Problem description. Output all entries verbatim. Skip pictures.

Input data.
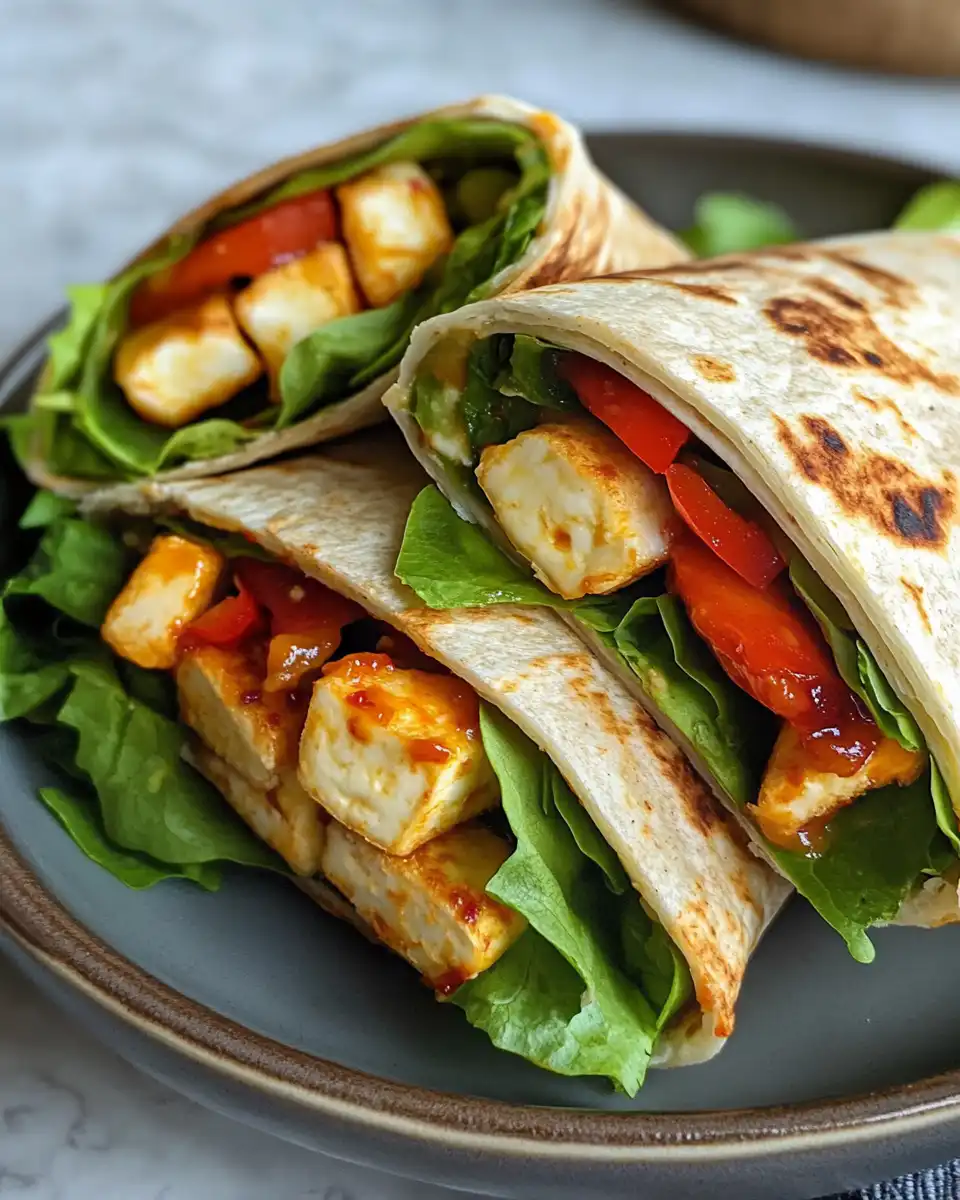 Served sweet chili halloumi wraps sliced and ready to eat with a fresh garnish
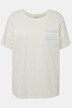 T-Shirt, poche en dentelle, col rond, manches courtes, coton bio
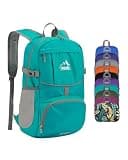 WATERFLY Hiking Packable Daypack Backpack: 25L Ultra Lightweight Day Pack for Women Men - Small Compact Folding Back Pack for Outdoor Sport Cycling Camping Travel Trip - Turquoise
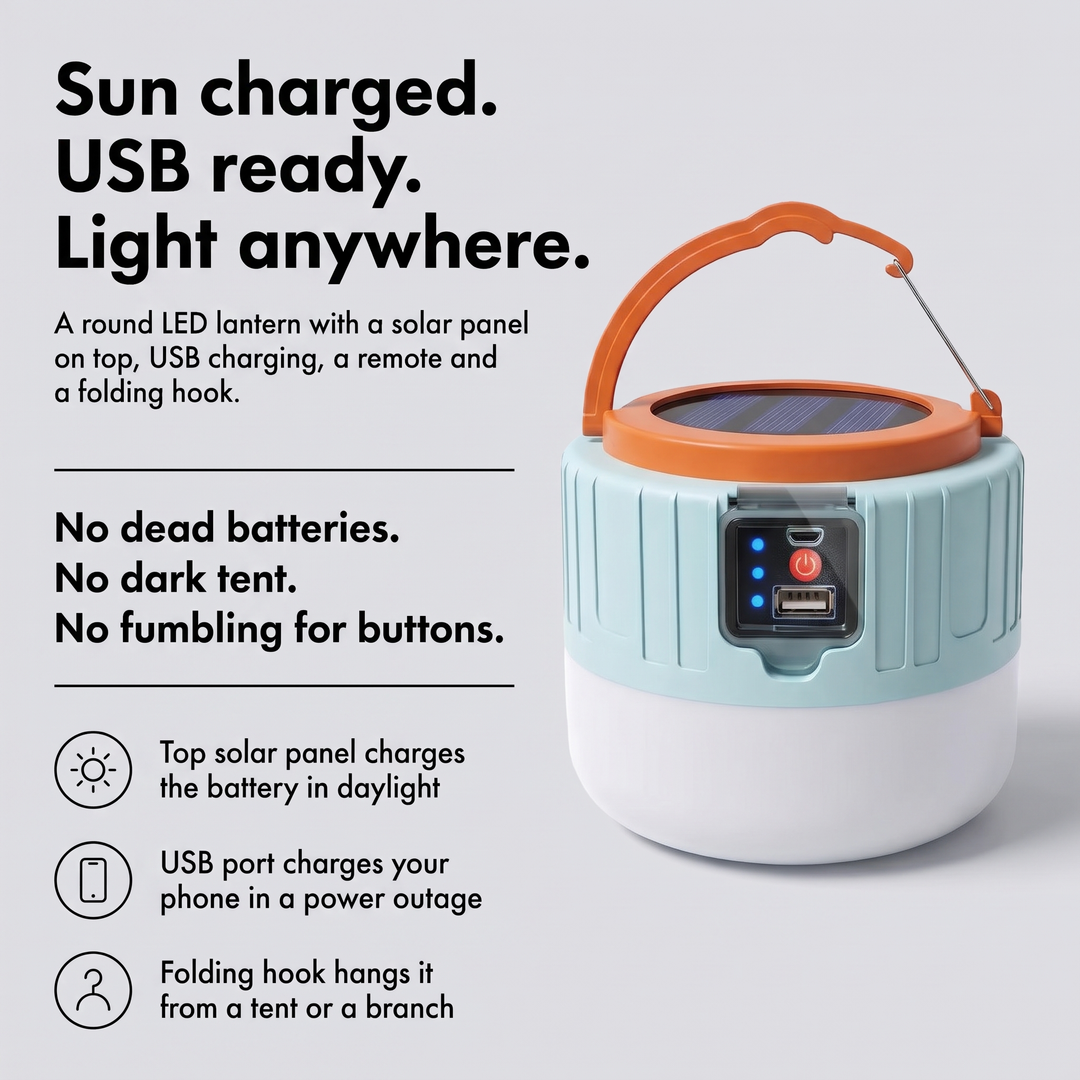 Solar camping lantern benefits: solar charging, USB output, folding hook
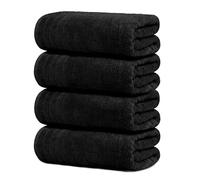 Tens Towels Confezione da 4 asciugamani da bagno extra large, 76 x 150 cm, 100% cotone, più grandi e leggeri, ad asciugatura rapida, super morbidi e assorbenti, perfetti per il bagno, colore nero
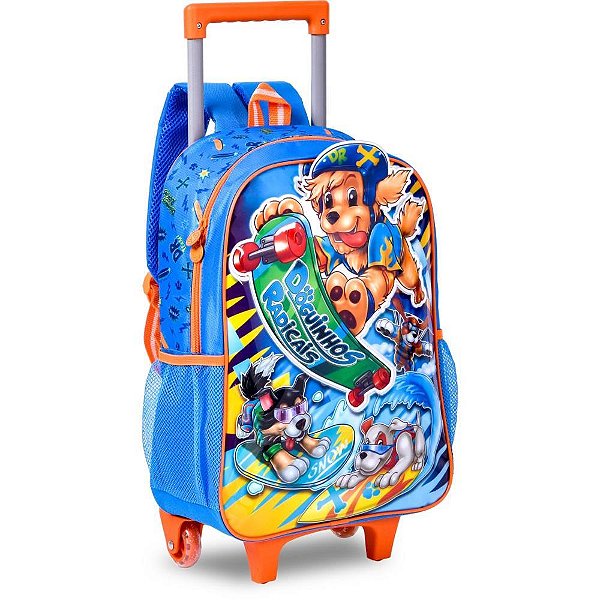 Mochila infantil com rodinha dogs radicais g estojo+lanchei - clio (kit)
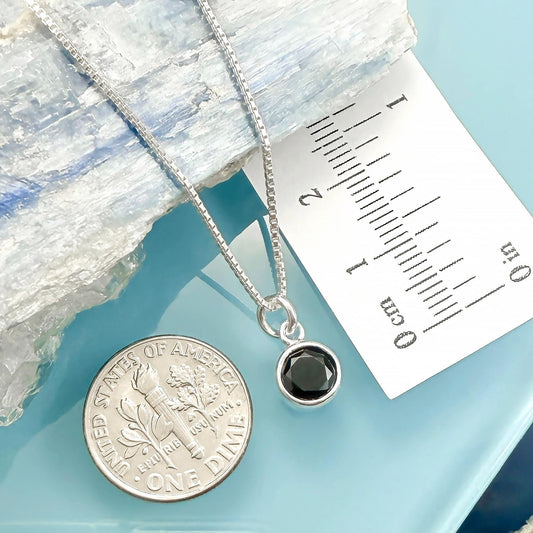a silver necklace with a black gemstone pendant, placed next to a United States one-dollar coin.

Output below.
 Served sweet chili halloumi wraps sliced and ready to eat with a fresh garnish
 T-Shirt, poche en dentelle, col rond, manches courtes, coton bio
 WATERFLY Hiking Packable Daypack Backpack: 25L Ultra Lightweight Day Pack for Women Men - Small Compact Folding Back Pack for Outdoor Sport Cycling Camping Travel Trip - Turquoise
 Solar camping lantern benefits: solar charging, USB output, folding hook
 Tens Towels Confezione da 4 asciugamani da bagno extra large, 76 x 150 cm, 100% cotone, più grandi e leggeri, ad asciugatura rapida, super morbidi e assorbenti, perfetti per il bagno, colore nero
 Mochila infantil com rodinha dogs radicais g estojo+lanchei - clio (kit)
a silver necklace with a black gemstone pendant, placed next to a United States one-dollar coin.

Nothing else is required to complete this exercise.